I work as a developer advocate. Part of my job is to build DEMOs and answer database questions online. To do my job well I often need to spin up new database instances in the cloud or on my own machine. This database could be PostgreSQL, Cassandra, ScyllaDB or something else depending on the DEMO I am building or the question I’m trying to answer. There are days when I spin up 10+ different database instances from scratch. And it’s not just the database itself, because I rarely need just an empty database, I also need to ingest some sample data to start with and for that I need the following:

  • What type of sample data do I need? Can it be static or do I need something dynamic like time-series? Does the use case matter (so it can be financial data or IoT or anything else)? Etc
  • How many tables do I need? Do I need JOINs? If so, one table is not going to be enough, I will need at least two tables so I can demonstrate a JOIN either within the DB itself (PostgreSQL) or within the app (ScyllaDB/Cassandra)
  • Where can I source this type of data (for free)? This is the last step but often this takes the most amount of my time. I usually look at places like Kaggle and GitHub or just take my chances with Google. It’s rare that I find the perfect dataset. I usually find datasets that need work or are not free. But once I find a good public high-quality free dataset, I try to reuse it often.

It can take anywhere between 10 minutes and multiple hours to find or create the perfect dataset that I need for my DEMO or presentation or whatever. And, as I mentioned, I sometimes do this multiple times a day. It’s a lot of time for setting up sample databases that you only need temporarily. So anyway, I wanted to streamline this process as much as possible so I don’t waste time spinning up databases, finding datasets and ingesting data. I came up with this GitHub repo: PostgreSQL database samples with Docker

Using this repo, I can spin up PostgreSQL containers within seconds, preloaded with curated datasets. Exactly what I needed. Here’s how it works:

  1. Choose what dataset you want to use. Currently it only supports movies and stocks but I plan to add more datasets in the future. When you choose a dataset, you also choose the schema with it. So make sure to look up the schema and maybe even the CSV data files before spinning up PostgreSQL to make sure you get what you need as far as schema, tables, and data.
  2. Build the image.
  3. Run the container.

That’s it! No more searching for datasets, finding out that it’s not free, looking up PostgreSQL Docker commands the Nth time and other nonsense. You just have to know what sample data you need for the demo or presentation or whatever you’re building and then you have a PostgreSQL database running in a Docker container in seconds.

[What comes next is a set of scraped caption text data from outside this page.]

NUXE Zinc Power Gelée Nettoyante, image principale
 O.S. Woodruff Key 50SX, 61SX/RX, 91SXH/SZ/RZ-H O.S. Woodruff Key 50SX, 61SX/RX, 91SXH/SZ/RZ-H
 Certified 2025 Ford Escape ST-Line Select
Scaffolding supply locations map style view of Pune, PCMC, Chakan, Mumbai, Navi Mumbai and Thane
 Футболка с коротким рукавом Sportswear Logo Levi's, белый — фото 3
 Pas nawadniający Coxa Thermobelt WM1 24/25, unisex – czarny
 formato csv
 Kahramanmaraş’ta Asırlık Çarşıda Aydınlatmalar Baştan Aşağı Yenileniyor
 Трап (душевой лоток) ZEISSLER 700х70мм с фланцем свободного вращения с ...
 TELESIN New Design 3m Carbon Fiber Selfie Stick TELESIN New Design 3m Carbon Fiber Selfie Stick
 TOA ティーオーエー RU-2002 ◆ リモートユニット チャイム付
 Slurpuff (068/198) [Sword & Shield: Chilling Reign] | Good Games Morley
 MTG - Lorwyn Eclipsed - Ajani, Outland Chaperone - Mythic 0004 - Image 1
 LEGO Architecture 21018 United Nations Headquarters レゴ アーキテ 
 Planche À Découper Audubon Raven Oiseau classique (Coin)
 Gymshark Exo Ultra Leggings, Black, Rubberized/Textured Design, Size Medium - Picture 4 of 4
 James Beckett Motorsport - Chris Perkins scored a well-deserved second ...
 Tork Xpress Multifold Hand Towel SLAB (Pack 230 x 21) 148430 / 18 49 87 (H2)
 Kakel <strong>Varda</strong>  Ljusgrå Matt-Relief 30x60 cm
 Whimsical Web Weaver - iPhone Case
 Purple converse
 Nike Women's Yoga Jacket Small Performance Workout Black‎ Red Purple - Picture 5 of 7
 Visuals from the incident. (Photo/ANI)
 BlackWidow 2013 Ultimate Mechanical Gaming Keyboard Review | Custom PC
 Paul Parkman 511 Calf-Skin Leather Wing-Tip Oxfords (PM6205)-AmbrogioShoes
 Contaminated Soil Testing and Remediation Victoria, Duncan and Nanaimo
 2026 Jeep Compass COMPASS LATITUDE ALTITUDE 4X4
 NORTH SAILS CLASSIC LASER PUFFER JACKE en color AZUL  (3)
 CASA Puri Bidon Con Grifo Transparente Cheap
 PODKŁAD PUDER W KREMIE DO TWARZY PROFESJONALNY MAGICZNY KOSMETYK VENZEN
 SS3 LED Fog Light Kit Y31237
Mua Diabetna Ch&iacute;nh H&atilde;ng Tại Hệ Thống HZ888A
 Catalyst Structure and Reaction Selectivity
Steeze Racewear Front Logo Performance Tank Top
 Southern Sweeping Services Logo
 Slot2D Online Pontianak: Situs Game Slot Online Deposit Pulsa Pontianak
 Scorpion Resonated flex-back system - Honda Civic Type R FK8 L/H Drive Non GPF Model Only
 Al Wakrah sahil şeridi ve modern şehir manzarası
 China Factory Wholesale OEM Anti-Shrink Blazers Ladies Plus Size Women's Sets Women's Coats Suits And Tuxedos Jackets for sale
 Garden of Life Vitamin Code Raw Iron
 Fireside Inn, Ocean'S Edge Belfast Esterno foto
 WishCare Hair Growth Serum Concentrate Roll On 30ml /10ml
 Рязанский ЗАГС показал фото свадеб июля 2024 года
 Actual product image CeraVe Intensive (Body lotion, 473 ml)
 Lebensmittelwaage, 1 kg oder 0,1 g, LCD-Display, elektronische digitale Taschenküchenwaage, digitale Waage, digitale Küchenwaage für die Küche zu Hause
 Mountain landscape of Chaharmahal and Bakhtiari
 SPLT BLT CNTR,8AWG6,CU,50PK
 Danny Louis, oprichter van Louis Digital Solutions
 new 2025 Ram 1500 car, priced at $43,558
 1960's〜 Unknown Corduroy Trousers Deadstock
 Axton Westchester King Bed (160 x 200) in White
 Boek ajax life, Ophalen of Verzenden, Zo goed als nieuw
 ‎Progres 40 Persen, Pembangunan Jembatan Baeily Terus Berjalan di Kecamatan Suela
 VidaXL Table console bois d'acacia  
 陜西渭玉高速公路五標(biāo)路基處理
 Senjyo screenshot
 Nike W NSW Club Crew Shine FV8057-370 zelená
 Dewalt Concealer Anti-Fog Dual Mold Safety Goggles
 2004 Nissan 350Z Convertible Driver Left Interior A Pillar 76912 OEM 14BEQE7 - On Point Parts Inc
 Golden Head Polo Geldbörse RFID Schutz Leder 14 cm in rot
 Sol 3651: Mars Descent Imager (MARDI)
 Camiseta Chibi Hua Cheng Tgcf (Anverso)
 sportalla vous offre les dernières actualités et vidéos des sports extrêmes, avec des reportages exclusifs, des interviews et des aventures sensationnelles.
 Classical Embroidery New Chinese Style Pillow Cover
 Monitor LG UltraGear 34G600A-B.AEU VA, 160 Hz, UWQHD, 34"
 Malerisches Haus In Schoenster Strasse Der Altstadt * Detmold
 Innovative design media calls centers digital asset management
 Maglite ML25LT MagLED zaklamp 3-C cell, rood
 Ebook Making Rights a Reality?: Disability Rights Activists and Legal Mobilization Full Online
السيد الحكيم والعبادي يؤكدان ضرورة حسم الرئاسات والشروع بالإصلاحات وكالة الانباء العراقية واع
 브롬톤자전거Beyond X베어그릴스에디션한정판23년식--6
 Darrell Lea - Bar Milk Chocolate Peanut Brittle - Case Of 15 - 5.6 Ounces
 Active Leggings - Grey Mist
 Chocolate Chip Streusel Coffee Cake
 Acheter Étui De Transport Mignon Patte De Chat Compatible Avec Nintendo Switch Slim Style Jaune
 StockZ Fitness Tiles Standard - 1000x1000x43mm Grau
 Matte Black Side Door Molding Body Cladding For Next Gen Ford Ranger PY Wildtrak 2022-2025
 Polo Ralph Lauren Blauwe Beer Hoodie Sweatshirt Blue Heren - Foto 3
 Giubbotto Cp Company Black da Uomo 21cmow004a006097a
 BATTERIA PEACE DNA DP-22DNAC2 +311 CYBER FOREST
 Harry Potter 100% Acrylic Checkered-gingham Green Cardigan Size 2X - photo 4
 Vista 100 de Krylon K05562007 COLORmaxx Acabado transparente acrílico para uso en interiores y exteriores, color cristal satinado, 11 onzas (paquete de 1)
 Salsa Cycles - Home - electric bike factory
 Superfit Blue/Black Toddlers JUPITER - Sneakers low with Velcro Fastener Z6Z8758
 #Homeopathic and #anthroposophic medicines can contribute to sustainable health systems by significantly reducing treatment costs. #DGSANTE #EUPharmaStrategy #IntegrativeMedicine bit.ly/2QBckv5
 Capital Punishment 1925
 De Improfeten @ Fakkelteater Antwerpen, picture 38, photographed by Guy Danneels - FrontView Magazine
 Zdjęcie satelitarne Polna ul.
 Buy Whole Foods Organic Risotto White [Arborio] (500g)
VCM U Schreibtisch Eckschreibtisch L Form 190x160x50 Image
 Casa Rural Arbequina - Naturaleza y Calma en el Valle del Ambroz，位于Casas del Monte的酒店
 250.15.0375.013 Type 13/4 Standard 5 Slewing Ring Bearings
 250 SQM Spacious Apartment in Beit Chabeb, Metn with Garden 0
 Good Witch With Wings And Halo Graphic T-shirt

Contribute curated datasets Link to heading

I welcome you to contribute to the project. I expect this repo to grow and include more and more samples from different use cases (IoT, finance, streaming, time-series, sports etc) and datasets with different structures (one table, two tables, more tables, complex relations with lots of JOINs etc). The general requirement for the dataset is to be publicly available, free to use for any purpose, and has to be in CSV format. There’s a quick guide in the repo on how to add a new dataset.

Hopefully, this project will save some time for you as well!